To say that it's a volatile day in the stock market on Tuesday would be a massive understatement. And the high-flying tech stocks of the past year or so are taking the worst of it. Fintech stocks aren't immune to the pain either, as fintech giants PayPal Holdings (PYPL 1.87%) and Square (SQ 2.73%) are down by 5% and 8%, respectively, as of 10 a.m. EST on Tuesday morning.
There are two likely explanations for today's plunge in these two fintech giants.
First, we're seeing a massive sell-off in growth stocks, especially those that have performed well during the COVID-19 pandemic.
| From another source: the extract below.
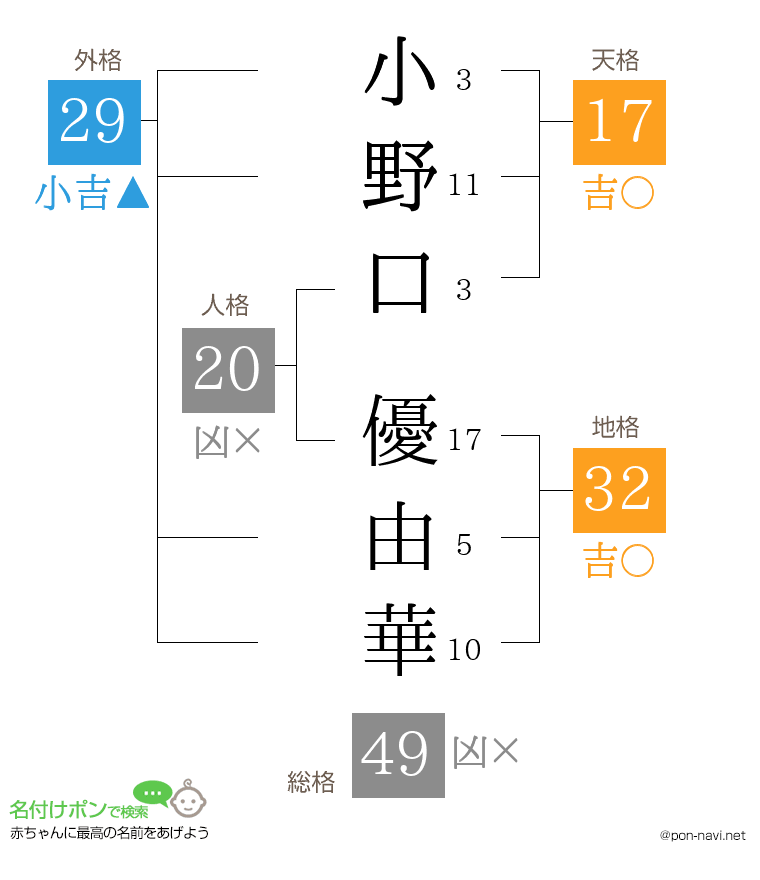 小野口 優由華さんの姓名判断結果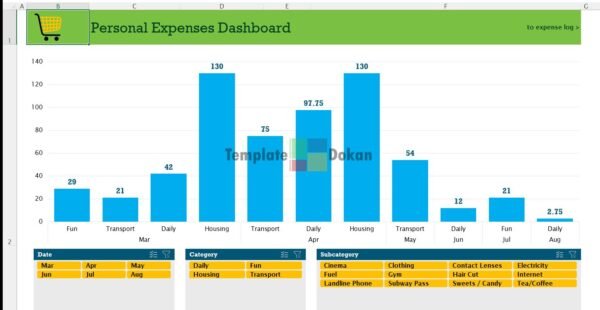 Personal Expenses Calculator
And PayPal and Square certainly qualify. Even after the sharp downward moves today, these stocks are up by 113% and 180%, respectively, over the past year. The tech-heavy Nasdaq Composite index is down by more than 3% at 10 a.m. EST, and most of the stocks that have performed the best over the past year are doing much worse.
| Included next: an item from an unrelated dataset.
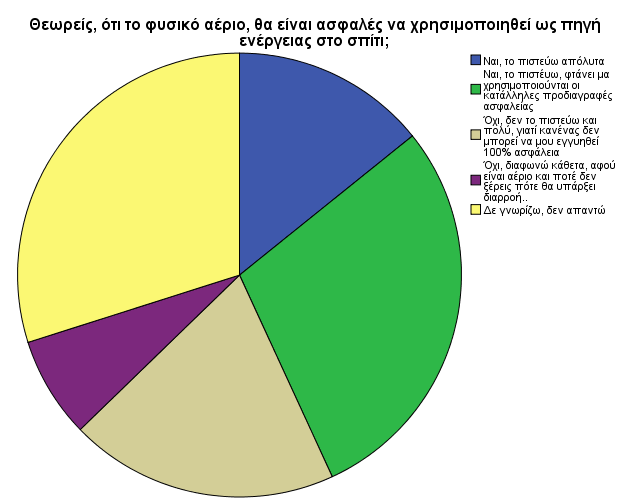 6 Στο ερώτημα «ποια οφέλη πιστεύετε θα έχουμε στο πολιτικοκοινωνικό τομέα από την εξόρυξη του φυσικού αερίου», το μεγαλύτερο ποσοστό απάντησε, ότι θα βοηθήσει στο να αποκτήσουμε καλύτερες σχέσεις με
Second, both PayPal and Square are heavily involved in the cryptocurrency world, specifically Bitcoin (BTC -1.16%). Both platforms allow users to buy and sell Bitcoin, PayPal is planning to roll out the ability to pay for purchases with Bitcoin at its millions of merchants, and Square has purchased Bitcoin with some of the cash on its balance sheet. In fact, Square is such a popular Bitcoin platform that it reportedly accounts for roughly one-fourth of all United States Bitcoin transaction volume.
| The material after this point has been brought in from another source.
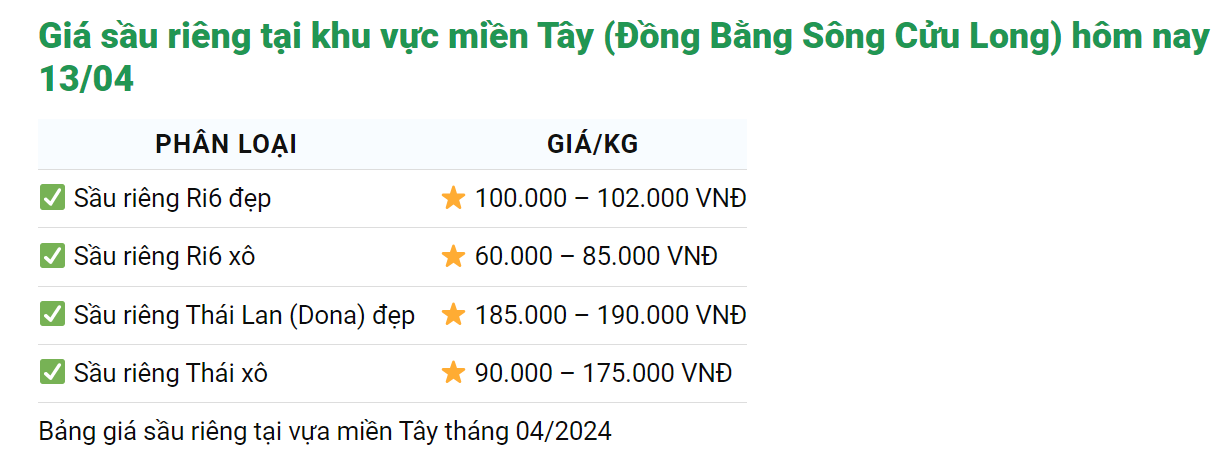 Giá sầu riêng ngày 13/4: Thái Lan tìm cách tăng lượng sầu riêng sang Trung Quốc- Ảnh 2.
To be sure, Bitcoin isn't a heavy driver of profits at either company (especially PayPal), but it could be if investor interest and the value of the digital currency continues to grow. And when the price of Bitcoin moves in the wrong direction, future profit expectations can slip.
On Tuesday, Bitcoin -- which recently reached an all-time high -- is falling sharply. The leading digital currency is down by 13% for the day to about $47,000 as I write this, and other investment vehicles tied to Bitcoin are plunging as well. The publicly traded Bitcoin investment fund, Grayscale Bitcoin Trust (GBTC 2.42%) is down by more than 15% as of 10 a.m. EST.
On days like today when we're seeing a broad-based correction in stocks and other assets that have dramatically outperformed the market, it's important to take a step back and realize that moves like this are a normal part of a healthy stock market. Stocks don't always go up. This sounds simple, but given the price action we've seen in some of these high-flying companies over the past year, it's easy to forget. And just to put today's move into perspective, PayPal and Square are simply back to their levels in early February -- so it really even isn't that bad from a long-term investment perspective.